Renata Bueno, secretary of Innovation, Sustainable Development, Irrigation and Cooperativism of Brazil’s Ministry of Agriculture, recognizes that the EU rules are not an isolated case but believe they are not aimed only at reducing deforestation.
“This is a law, with the effect of a contract, that is unilateral, discriminatory, of extraterritorial enforcement, that does not ensure effectiveness on the reduction of deforestation, nor does it value sustainable practices or environmental conservation,” she said.
Ms. Bueno notes that the United Nations Convention on Climate Change has been weakened by parallel coalitions with “biased narratives.”
“Over the years, especially since the Paris Agreement, what we have seen is the emergence of a plethora of coalitions and agreements parallel to the Climate Convention, in initiatives led by rich countries with demands that more directly affect developing countries, focusing on minor sources of emissions, such as agriculture, urban waste, and land use change, or even secondary greenhouse gases, such as methane,” she said.
“This is an economic dispute with protectionist instruments. If there were a serious effort to address the causes of climate change, we would have to take very urgent action against the fossil fuel sector.”
According to the United Nations, using coal, oil, and natural gas to generate energy produces carbon dioxide, one of the greenhouse gases. Meanwhile, oil and gas extraction, coal mining, and landfills account for 55% of human-caused methane emissions, another greenhouse gas. Another 32% is attributable to cattle and other grazing and browsing mammals fermenting food in their stomachs. Manure decomposition and rice cultivation are other sources.
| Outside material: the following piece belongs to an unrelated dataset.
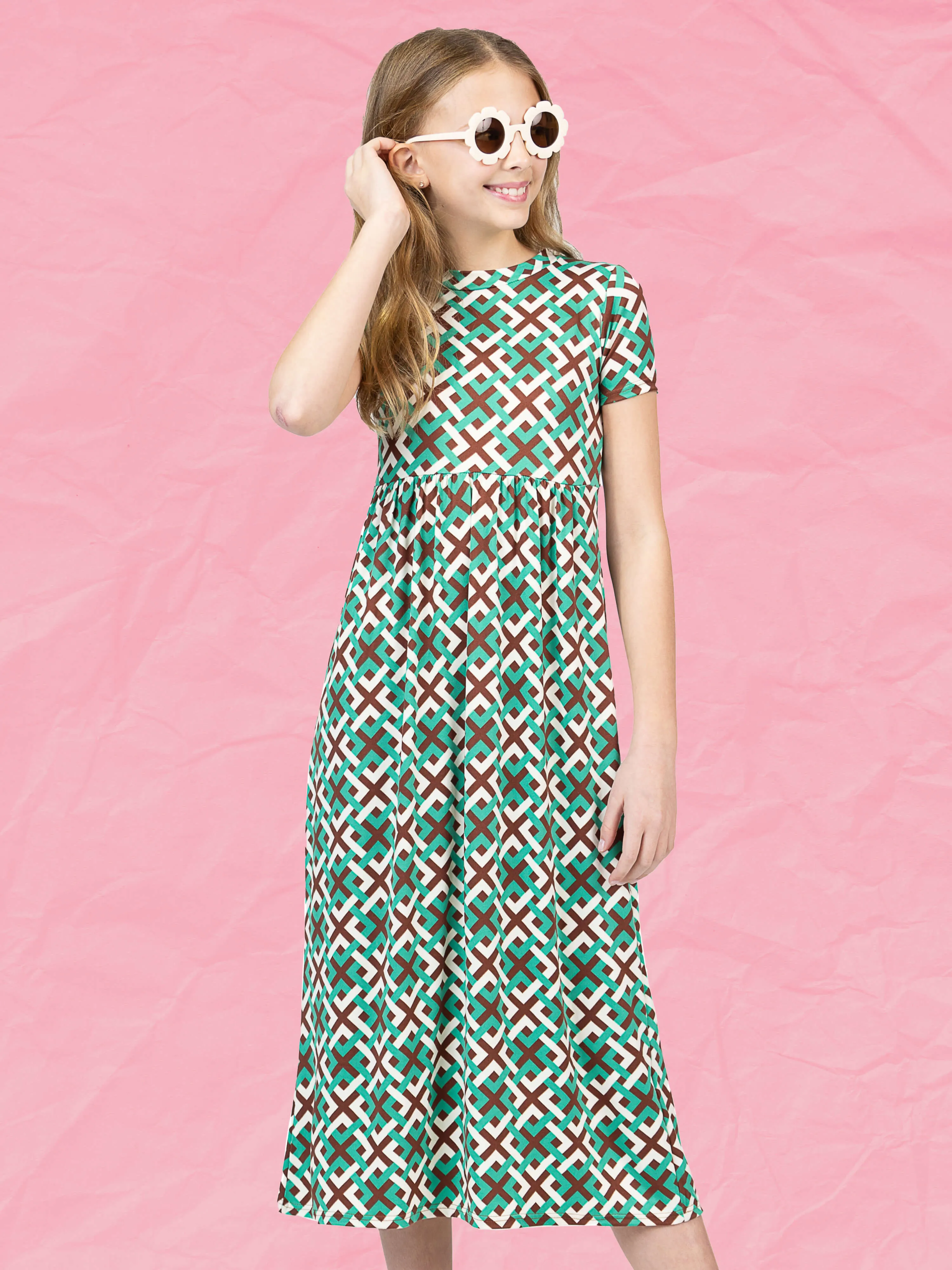 24sevenkid Girls Short Sleeve Green Maxi Dress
Ms. Bueno says that when the EU focuses its attacks on deforestation, it damages the image of Brazilian agribusiness and protects the EU’s own development, which depends on fossil fuels.
She also argues that Brazilian legislation represented by the Forest Code is the “most modern and with the greatest positive environmental impact in the world.” She sees no need for revision when faced with divergence with EU rules.
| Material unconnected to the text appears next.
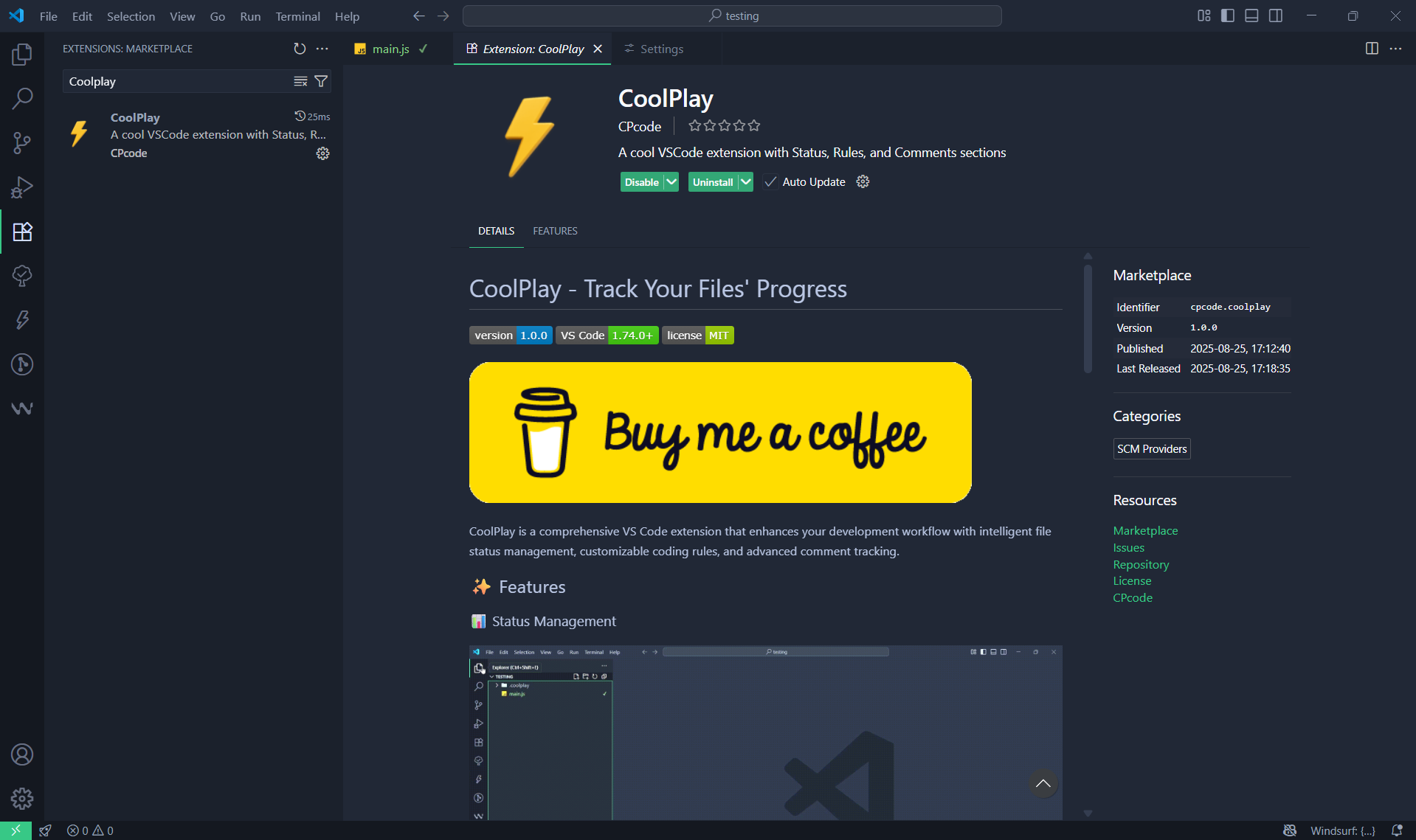 Media Coolplay - Urus status fail, peraturan dan komen di vscode 1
“Illegal deforestation must be dealt with in the strict sense of the law, and legal deforestation can be avoided with practices to encourage conservation. Brazil’s Ministry of the Environment is attentive to these demands and is very interested in facilitating conservation avenues,” she said.
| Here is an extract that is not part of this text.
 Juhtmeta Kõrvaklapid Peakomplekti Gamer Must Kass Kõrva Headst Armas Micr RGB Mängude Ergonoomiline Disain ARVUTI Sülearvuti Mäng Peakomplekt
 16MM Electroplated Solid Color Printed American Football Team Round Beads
The Ministry of Agriculture assists commodity producers on two fronts: developing a georeferential platform with traceability mechanisms and public consultation on the Caborno+Verde program to add value to items produced with environmental commitments.
Behind the scenes, however, EU diplomats say that the bloc’s rules protect trade and provide greater security to buyers by ensuring that products are not associated with deforestation, which is something that had been damaging Brazil’s image. They also say the last thing Europe wants is a decline in trade with Brazil.